CLUSTER C / ANXIEUSES :
Le trouble de la personnalité évitante se manifeste par une inhibition relationnelle et sociale, une mésestime de soi et sensibilité exacerbée au jugement négatif d’autrui, des conduites d’évitement de situations où les contacts sociaux sont importants ou alors les exposants aux regards d’autrui.
Le trouble de la personnalité dépendante est le besoin excessif d’être pris en charge par autrui, la tendance à se dévaloriser, ne se sentant pas capables d’assumer leurs propres responsabilités et sollicitant à l’excès un tiers pour qu’il décide à leur place. Les relations sociales sont souvent déséquilibrées et limitées à quelques rares personnes.

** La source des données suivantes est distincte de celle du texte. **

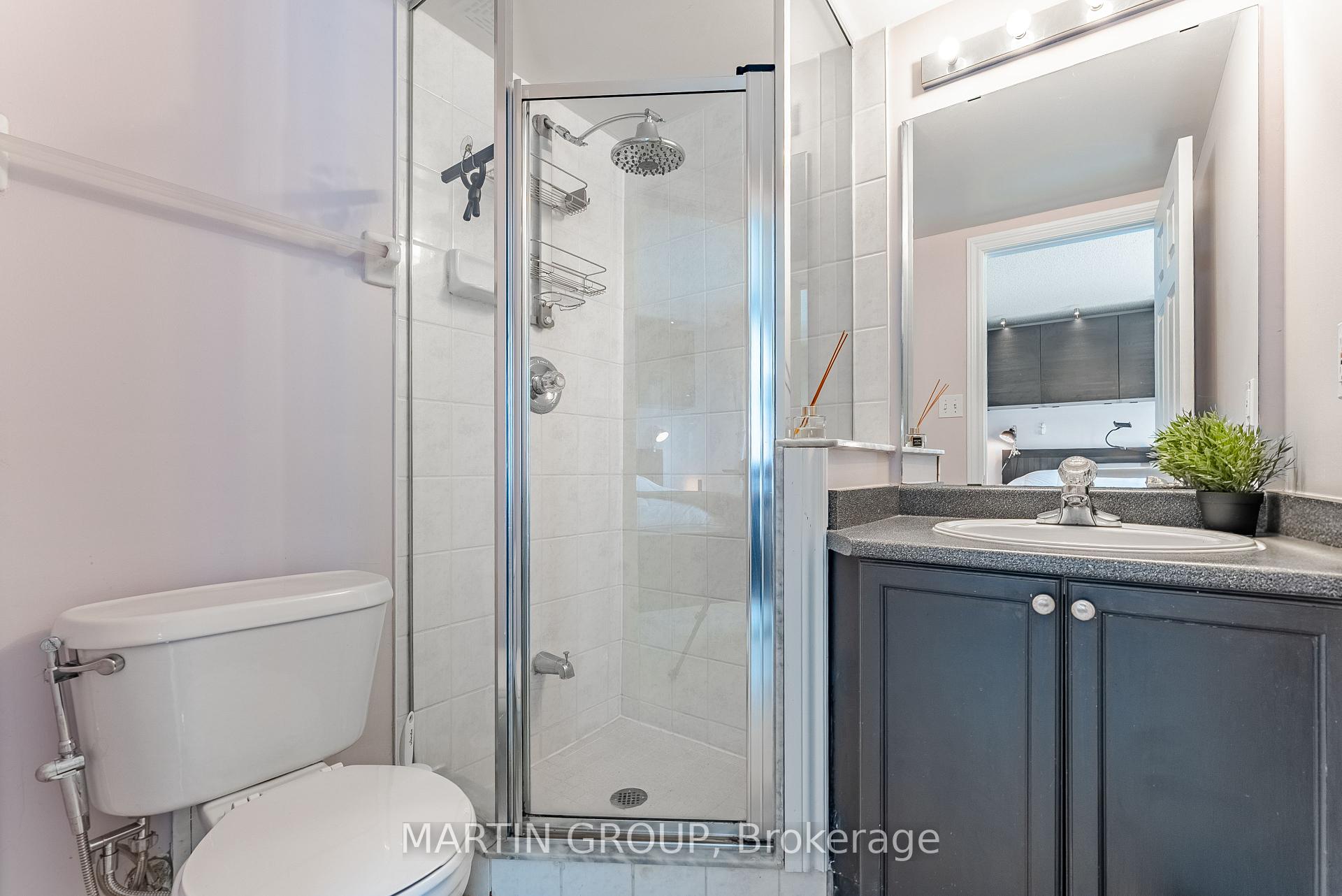 2 Bedrooms Condo at 1701 Lampman, Burlington For sale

Le trouble de la personnalité obsessionnelle-compulsive regroupe méticulosité, souci du détail, de l’ordre, rigidité, perfectionnisme , tendance à la procrastination , prudence excessive, valeurs morales ou éthiques contraignantes, émotions contrôlées, peu de spontanéité.
La personnalité obsessionnelle-compulsive ne doit pas être confondue avec un trouble obsessionnel compulsif : ici, il n'y a ni obsession ni compulsion.
Diagnostics différentiels
- Troubles psychotiques (surtout pour le cluster A) : schizophrénie, trouble délirant persistant,
- Trouble dépressif ou trouble bipolaire (surtout pour le cluster B),
- Troubles anxieux (surtout pour le cluster C) : trouble phobique, phobie sociale, …

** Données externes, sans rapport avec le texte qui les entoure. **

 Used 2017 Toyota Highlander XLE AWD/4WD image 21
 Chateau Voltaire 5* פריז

L'ensemble de ces diagnostics différentiels peuvent aussi être des comorbidités : la présence d'un diagnostic n'exclut donc pas l'autre.
Comorbidités
- Crise suicidaire
- Troubles de l’ humeur : trouble dépressif, trouble bipolaire,
- Troubles anxieux : trouble anxieux généralisé, trouble de l'adaptation, trouble obsessionnel compulsif, trouble panique,
- Trouble de stress post-traumatique,
- Autre trouble de personnalité,
- Trouble de l'usage de substance
- Trouble du comportement alimentaire : anorexie mentale, boulimie, hyperphagie boulimique.
Conduite à tenir
Il est important de coordonner la prise en charge de ces patients souvent complexe en :
- définissant clairement les rôles
- déterminant ce qu'il faut faire en cas de crise
- communiquant régulièrement au sein de l'équipe soignante
- notant l'information qui est échangée dans l'équipe
Il est important de déterminer lequel des médecins assume la responsabilité principale ou globale du patient.
Adresser rapidement à un psychiatre si :
- Adolescent, jeune adulte,
- Présence de comorbidités psychiatriques,
- Impact majeur du fonctionnement, avec handicap fonctionnel dans la vie de tous les jours.
Adresser aux urgences si :
- Urgence suicidaire,
- Risque hétéro-agressif.
Prise en charge :
La prise en charge est complexe : une personnalité ne "guérissant" pas, l'idée est d'atténuer le fonctionnement pathologique de la personne pour limiter le handicap fonctionnel.
- Essentiellement basée sur la psychothérapie (la psychothérapie choisie sera en fonction de la personnalité),
- Toujours soigner les comorbidités psychiatriques associées (prise en charge médicamenteuse ou non médicamenteuse).
Références
AESP, CNUP, & CUNEA. (2021). Référentiel de Psychiatrie et Addictologie (3e édition conforme au nouveau programme) Psychiatrie de l’adulte. Psychiatrie de l’enfant et de l’adolescent. Addictologie (Presses Universitaires François Rabelais).
The Diagnostic and Statistical Manual of Mental Disorders (5th ed.; DSM–5; American Psychiatric Association [APA], 2013).
Ressources
Emoteo
Application d'aide à la gestion des émotions (journal, exercices) pour les personnes atteintes de trouble de la personnalité borderline développée par l'université de Genève.
Programme de thérapie basée sur la pleine conscience
Programme audio gratuit et en accès libre en 15 séances.
Breath Zen
Application d'initiation et de pratique de la relaxation et de la méditation de l'Université Paris Nanterre.